## [SUPPLIED MATERIAL]

******

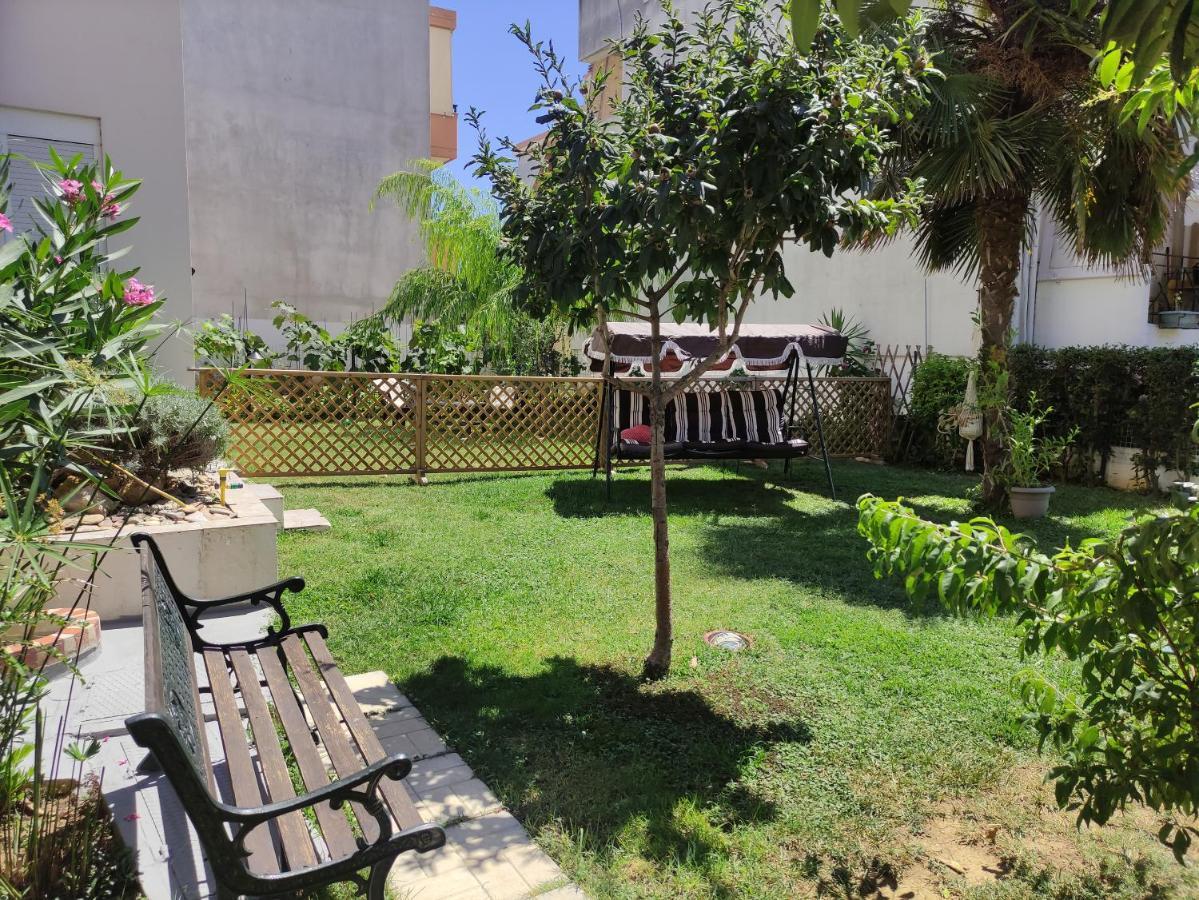 Efi's House With Garden *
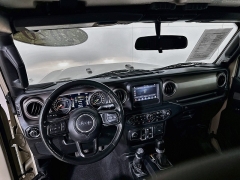 Used 2020  Jeep Gladiator Crew Cab Sport S at Dutro Auto near Zanesville&comma; OH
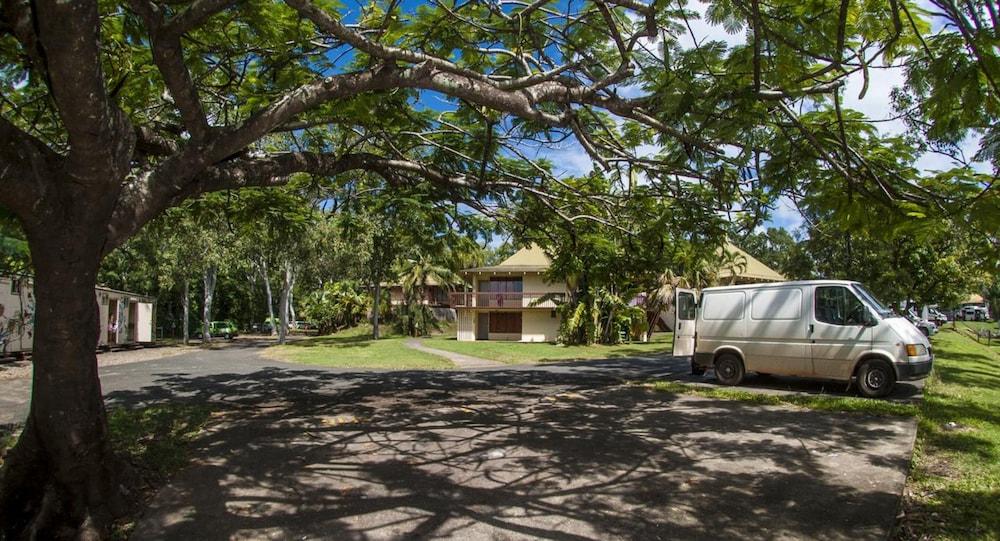 Nomads Airlie Beach (Adults Only) Экстерьер фото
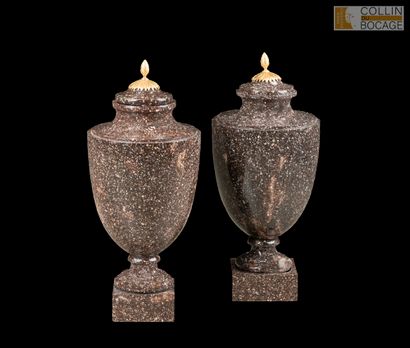 Deux vases couverts en porphyre du Nord de...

******

## [INSTRUCTIONS TO FOLLOW]
Write out the lines of the listing from the one that holds "near Zanesville&comma; OH" to the very last line, both included, exactly as they appear and without any pictures.

## [OUTPUT OF THE EXERCISE]
 Used 2020  Jeep Gladiator Crew Cab Sport S at Dutro Auto near Zanesville&comma; OH
 Nomads Airlie Beach (Adults Only) Экстерьер фото
 Deux vases couverts en porphyre du Nord de...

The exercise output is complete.